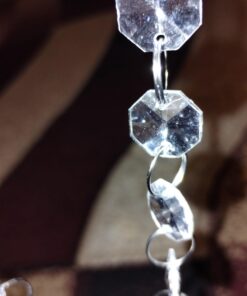 Crystal Acrylic Gems Bead Garland Strands, KinHom 16 Feet Hanging Clear 14mm Daimond Beads Chain Garlands for Manzanita Tree Centerpiece, Chandelier Bead Lamp Chain, Christmas/Wedding Party Decoration Stainless Steel 16 ft, Diameter 14 mm 29 617O0TBefGL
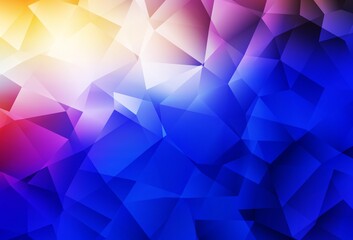 Light Pink, Blue vector gradient triangles pattern.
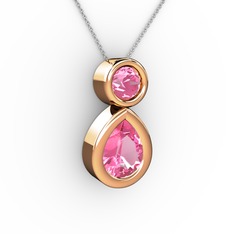 İkili Damla Kolye - Pembe kuvars 18 ayar rose altın kolye (40 cm gümüş rolo zincir) #17ziuwr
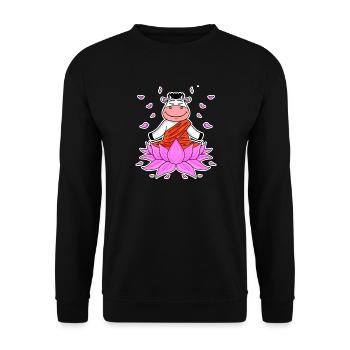 Yoga Kuh - Unisex Pullover - Schwarz - Vorne - Alina (178cm) & Michal (187cm)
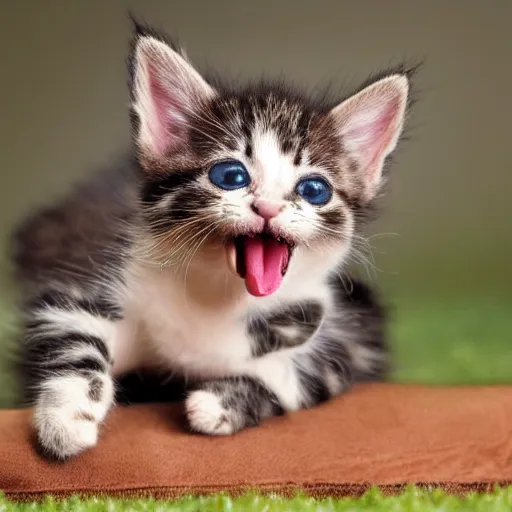 Image similar to kitten with its tongue out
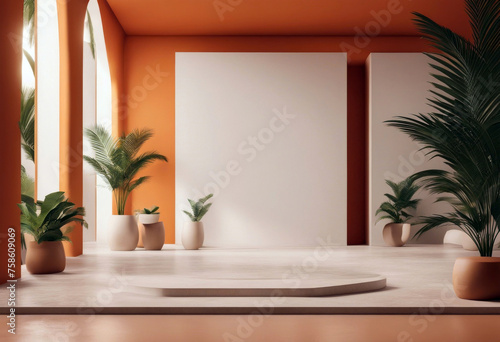 shadows stone leaf orange wall natural made mockup slabs podium palm premium Minimal poduim meditation promotion empty pedestal racked display abstract stage showcase natural spa luxury product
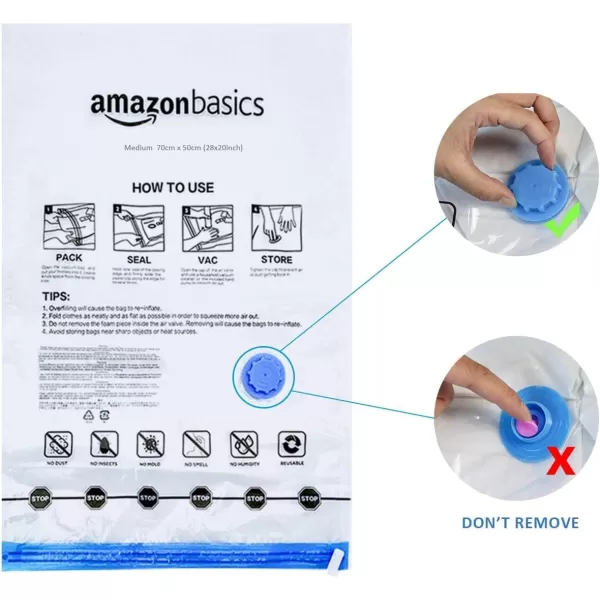 Amazon Basics Vacuum Compression Zipper Storage Bags With Hand Pump Medium 5Pack White Sky BlueMultiple
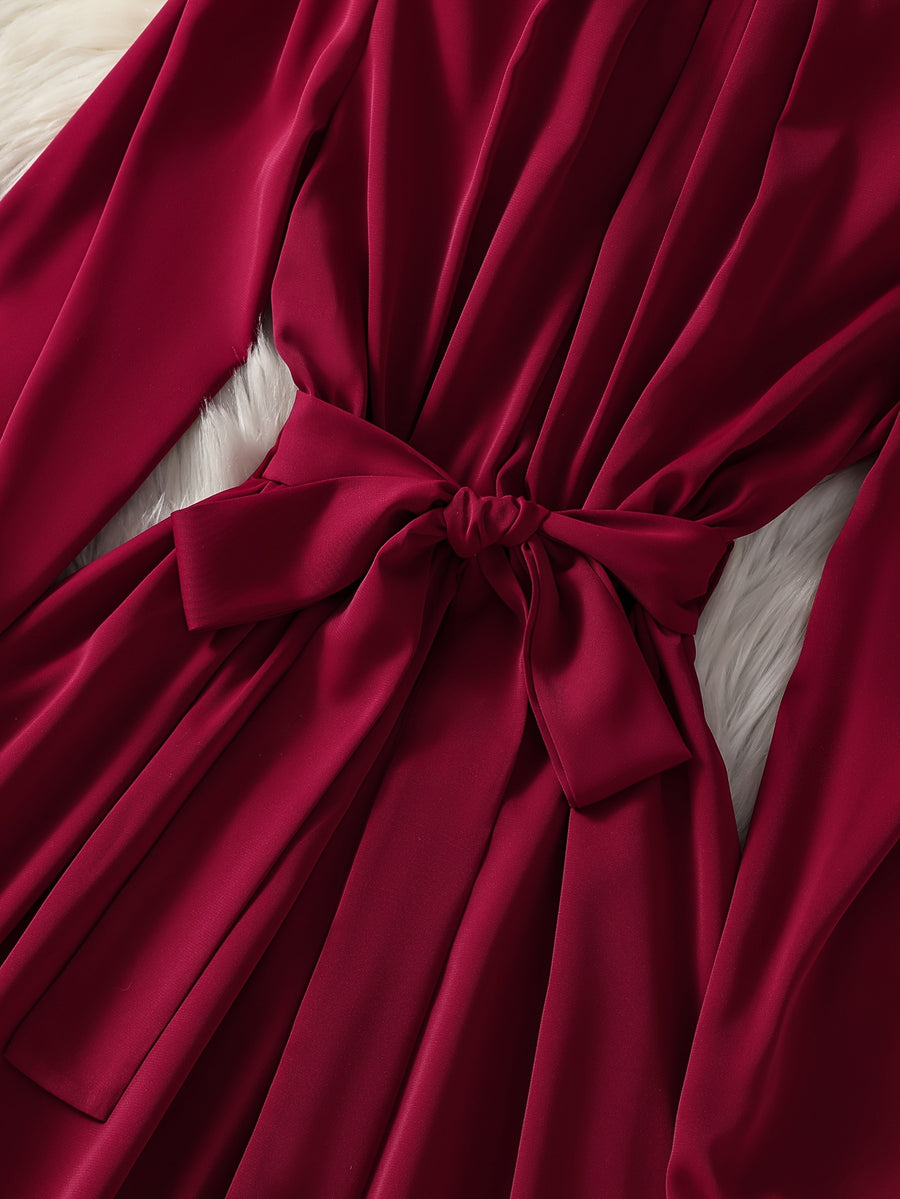 Women's Burgundy A-Line Wedding Guest Dress with Bow Tie Waist & Puff Sleeve - -Length Mid-Calf to Hem Long Sleeve Formal Gown, Machine Washable for Bridesmaid, Prom, Special Occasions (No Stretch)christmas women cloth&gift - Deep Red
========================================
All entries above, minus the pictures, should be repeated exactly.

 Crystal Acrylic Gems Bead Garland Strands, KinHom 16 Feet Hanging Clear 14mm Daimond Beads Chain Garlands for Manzanita Tree Centerpiece, Chandelier Bead Lamp Chain, Christmas/Wedding Party Decoration Stainless Steel 16 ft, Diameter 14 mm 29 617O0TBefGL
 Light Pink, Blue vector gradient triangles pattern.
 İkili Damla Kolye - Pembe kuvars 18 ayar rose altın kolye (40 cm gümüş rolo zincir) #17ziuwr
 Yoga Kuh - Unisex Pullover - Schwarz - Vorne - Alina (178cm) & Michal (187cm)
 Image similar to kitten with its tongue out
 shadows stone leaf orange wall natural made mockup slabs podium palm premium Minimal poduim meditation promotion empty pedestal racked display abstract stage showcase natural spa luxury product
 Amazon Basics Vacuum Compression Zipper Storage Bags With Hand Pump Medium 5Pack White Sky BlueMultiple
 Women's Burgundy A-Line Wedding Guest Dress with Bow Tie Waist & Puff Sleeve - -Length Mid-Calf to Hem Long Sleeve Formal Gown, Machine Washable for Bridesmaid, Prom, Special Occasions (No Stretch)christmas women cloth&gift - Deep Red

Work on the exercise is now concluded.